The duration of the problem is relatively short—only 14 minutes in this case. By correlating the affected components and the time frame and the duration of the incidents (that had occurred around that time), Dynatrace determines that all these incidents are part of the same problem.

Don’t stop here, though. Dig deeper by clicking the problem card. You’ll then see how complex the problem is and what it impacts. This will help you make decisions about how to ensure that that this problem doesn’t appear again in the future. 

Here you can see that over 150 user actions per minute are affected by this problem (actually 159/min). Flash points extend to server-side services (7 affected) and infrastructure (6 components affected).

Gain insight into the problem

Click Analyze root cause to see health indicators related to the ESXi host where this problem originates. The 100% CPU call-out confirms that you’re dealing with a CPU saturation problem on this particular component (an ESXi host). 

High CPU consumption on the ESXi host is highlighted here.

CPU usage on this ESXi  host has reached 100%. A quick look at the Events section reveals what triggered this high CPU consumption—around the same time that Dynatrace identified this problem (2:28 PM), a virtual machine called ‘cpu-3-m5’ was migrated to this ESXi host.

Click the Consuming virtual machines below the chart to confirm that it was really the recently migrated machine that caused this problem.

Understand the root cause

Now we can confirm that it is in fact the virtual machine ‘eT-m5-Win7-64bit’ that is experiencing difficulties. The CPU Ready time measurement for this virtual machine is extremely high.

Now you can see that all the CPU resources of this EXSi host are being consumed by virtual machines other than eT-m5-Win7-64bit.

The CPU Ready time measurement of 80% tells you that virtual machine ‘eT-m5-Win7-64bit’ spends most of its time waiting for the hypervisor to assign it some CPU cycles. The other virtual machines on this ESXi host consume nearly 96% of this host’s available CPU. Virtual machine ’eT-m5-Win7-64bit’ has only 2.33% of all available host CPU available to it—not nearly enough to enable it to perform its tasks.

CPU Ready time is the root cause

A Ready time measurement above 5% is a symptom of CPU contention taking place on an ESXi host.
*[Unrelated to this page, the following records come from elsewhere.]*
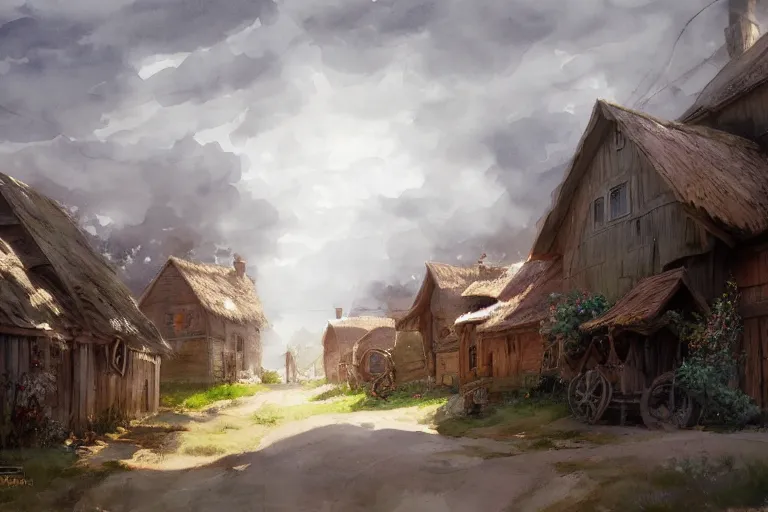 Prompt: watercolor painting of rustic village street, straw roof, scandinavian mythology, ambient lighting and shadows, fog, wheel, barrel, art by hans dahl, by jesper ejsing, art by anders zorn, wonderful masterpiece by greg rutkowski, cinematic light, american romanticism by greg manchess, creation by tyler edlin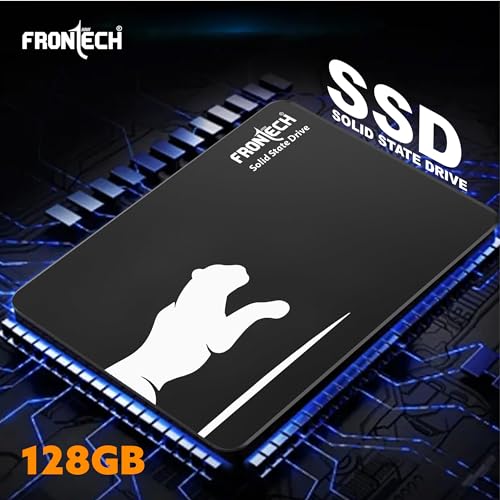 Image of FRONTECH 128GB Internal SSD, 2.5 SATA3, TLC+SMI, Low Energy Consumption, Ultra Fast with Read /Write Speed Upto 500 /480 Mbps, (SSD-0026, Black & White)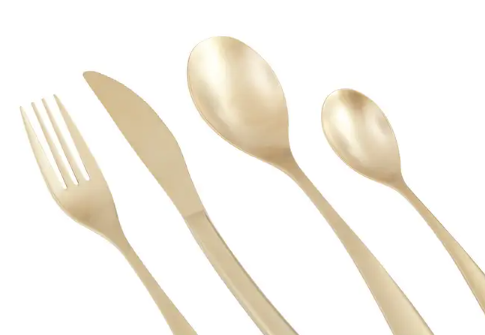 Zante Curved Gold 16pc Cutlery Set
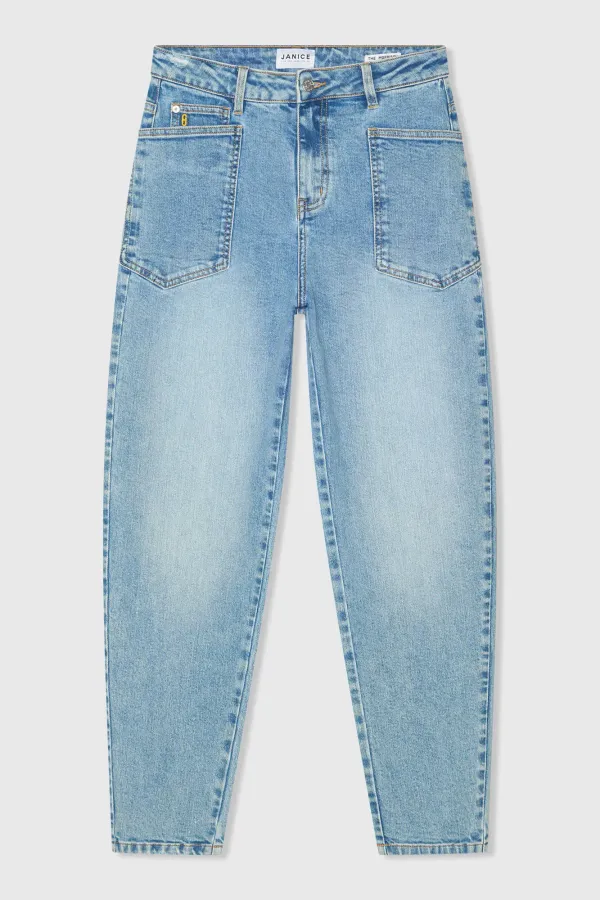 Worker Jeans Dames Barrel Fit Stretch Mid Rise Morrison Blauw 786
A measurement above 10% is a serious problem. This measurement indicates that the host doesn’t have enough resources to satisfy the demand of all the virtual machines it hosts. As a result, virtual machines are competing for CPU cycles. The machines that lose this competition can’t perform their jobs.
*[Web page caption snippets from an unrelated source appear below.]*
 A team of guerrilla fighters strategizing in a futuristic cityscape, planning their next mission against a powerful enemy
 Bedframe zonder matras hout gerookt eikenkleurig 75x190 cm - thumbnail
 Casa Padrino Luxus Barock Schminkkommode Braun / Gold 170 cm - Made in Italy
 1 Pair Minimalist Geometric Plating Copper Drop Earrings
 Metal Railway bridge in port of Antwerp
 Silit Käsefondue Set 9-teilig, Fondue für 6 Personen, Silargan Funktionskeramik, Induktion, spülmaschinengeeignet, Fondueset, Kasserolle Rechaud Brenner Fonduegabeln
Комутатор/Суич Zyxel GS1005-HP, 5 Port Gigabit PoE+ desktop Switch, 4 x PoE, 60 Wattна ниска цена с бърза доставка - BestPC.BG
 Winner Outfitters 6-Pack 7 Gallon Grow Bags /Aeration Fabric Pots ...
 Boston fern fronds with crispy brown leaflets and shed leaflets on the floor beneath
Note that if you were to only monitor the load of this embattled virtual machine, you wouldn’t detect any significant issue. This is because the problem originates with the ESXi host, which is not capable of providing adequate processing cycles to this virtual machine.

Understand the dependencies

Still not 100% convinced that a lack of resources for virtual machine ’eT-m5-Win7-64bit’ is the root cause of this problem (application response time degradation)? It’s time to investigate the dependencies.

Return to the Problem details page and click the graph showing component dependencies to view how the problem evolved.

The graph that shows dependencies between all affected entities is the link to a special player which allows you to see how we figured out the root of the problem.

Now you can see that all the virtual machines involved in this problem reside on the same ESXi host. And the most adversely affected virtual machine is responsible for running the web application.

We can say now with confidence that we know what the root cause of this problem is. 

This problem has dependencies spanning across all tiers. You can follow how the problem evolved in time using our special player.

Prevent the recurrence of this problem

How can you safeguard against this problem occurring again in the future?

  • Move the virtual machine that runs your application to a different ESXi host where it will have sufficient resources.
  • Adjust your resource pool policy so that in the future the virtual machine that runs your application receives priority access to resources.